The past several years, through the pandemic and beyond, taught me about community in ways I had never learned before. I knew that community was important in an intellectual way, informed by anthropology, and at the level of “important public works.” And I knew about the importance of forming small groups and teams to get work done.
But somehow I had never understood how community participation—the unregulated showing up of people in their own unique ways—creates something larger, stronger, and more durable than any of these defined, formal communities where people could participate in defined, formal roles.
For example, when I volunteer at Toni’s Ponies, I don’t really have a specific role. Volunteer is the broadest possible title there; it means that you decided to show up. When I’m there, I usually clean up horse poop, because it’s something I can do that some other people can’t. But sometimes, I’m the one who notices that an older volunteer is getting a little unsteady, and I encourage them to take a break and drink some water. Sometimes, I’m the one that cleans out a horse’s hoof and finds a stone that would have caused them pain. I show up and respond to the circumstances around me.
I’ve figured out that I don’t need to have a defined role in order to show up, though I’m still more comfortable when I do have a job to do.
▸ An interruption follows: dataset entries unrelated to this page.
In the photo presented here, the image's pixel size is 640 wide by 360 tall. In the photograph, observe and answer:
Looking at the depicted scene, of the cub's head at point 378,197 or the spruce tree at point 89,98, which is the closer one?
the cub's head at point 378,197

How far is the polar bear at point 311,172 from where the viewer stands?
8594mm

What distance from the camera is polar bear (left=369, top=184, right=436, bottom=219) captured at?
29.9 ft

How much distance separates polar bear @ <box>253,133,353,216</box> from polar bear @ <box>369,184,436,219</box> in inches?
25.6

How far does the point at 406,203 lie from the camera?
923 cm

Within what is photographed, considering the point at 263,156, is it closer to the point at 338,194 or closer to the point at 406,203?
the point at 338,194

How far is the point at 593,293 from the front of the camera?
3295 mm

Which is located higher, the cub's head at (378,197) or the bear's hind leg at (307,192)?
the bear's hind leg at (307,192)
Sometimes, the reason I’m in a group will become evident while I’m there, changing in unpredictable ways. Adapting and contributing in ways that respect my talents and the mission is the best way forward.
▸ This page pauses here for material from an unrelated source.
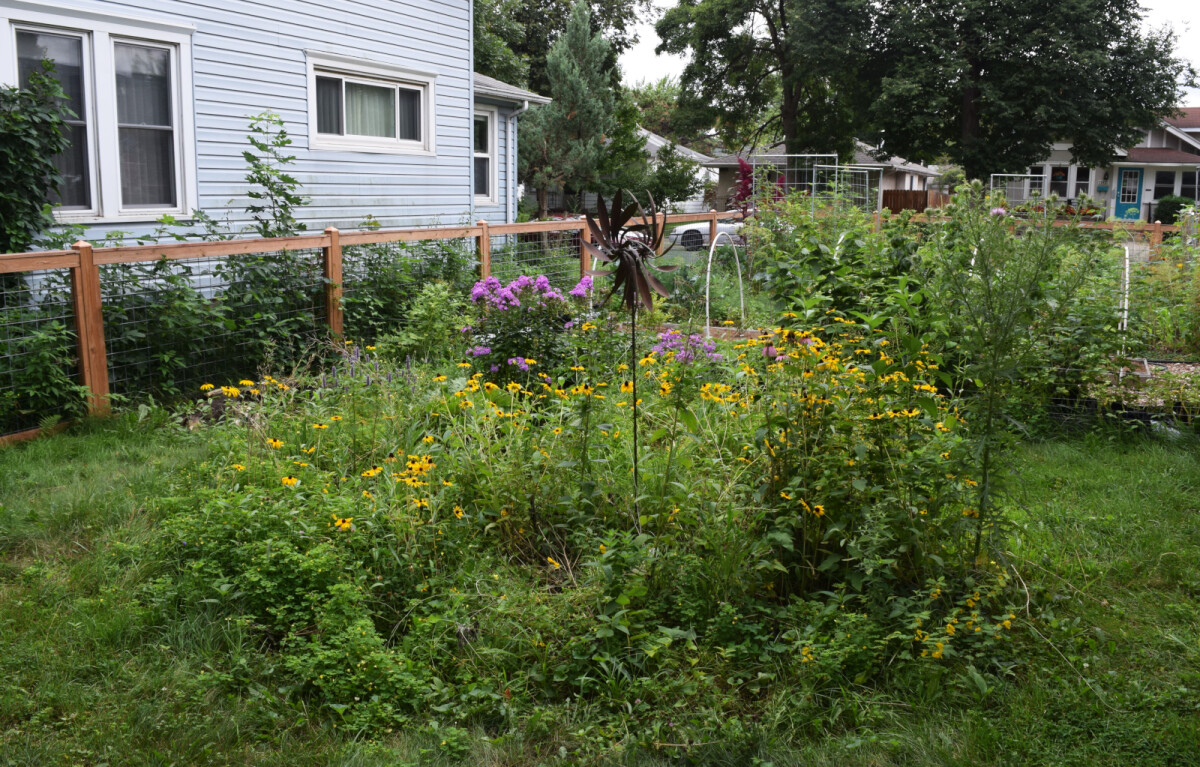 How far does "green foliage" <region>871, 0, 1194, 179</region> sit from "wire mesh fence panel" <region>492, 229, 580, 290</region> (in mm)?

This discovery feels completely obvious, like something I should have learned in elementary school, but also feels completely at odds with the way tech workers are expected to function today. Some major tech companies, built because of human ingenuity that challenged the status quo, have been laying off anybody who speaks out against their AI-everything policies (and even people who go along with it). But AI is the opposite of ingenuity: all it can do is to parrot how the thing has been done before.
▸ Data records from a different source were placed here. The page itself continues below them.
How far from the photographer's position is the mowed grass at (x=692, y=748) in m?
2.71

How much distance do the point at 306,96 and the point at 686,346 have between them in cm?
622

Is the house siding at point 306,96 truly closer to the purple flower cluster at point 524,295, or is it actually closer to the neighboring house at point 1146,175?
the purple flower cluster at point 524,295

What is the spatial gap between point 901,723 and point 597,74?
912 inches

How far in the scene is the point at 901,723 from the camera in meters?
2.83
In general, AI is marketed to investors as a replacement for employees. In this worldview, employees in any one role are cogs that can be swapped out; no employee is uniquely special. The AI is marketed to employers as a multitool that can replace or “normalize” every employee to become equally competent and fast.
So if an AI can deliver those artifacts (see the finds, above), then it can replace those human-shaped cogs, the employees that have expensive human needs and ambitions. AI promises to be an upgrade of the global underclass, enabling larger profits and more predictability by replacing all the people.
This is nonsense. The underlying premise that humans have interchangeable, perfectly defined roles, is flawed. The underlying premise that AI engages in cognition (instead of probabilistically constructing sentences and graphics) is also flawed. AI is being asked to do things it can’t do, which is to create not only design artifacts but design thinking.
The sign on my wall currently says “Participate as only you can.”
I try to use my sign to make sense of the zeitgeist, to remind me who I want to be within it. And I want to be someone who shows up as uniquely myself for my clients, friends, family, co-workers, and more.
So these days, when the world feels like it’s demanding more and more sameness, I feel the need to figure out how to be the unique person that only I can be.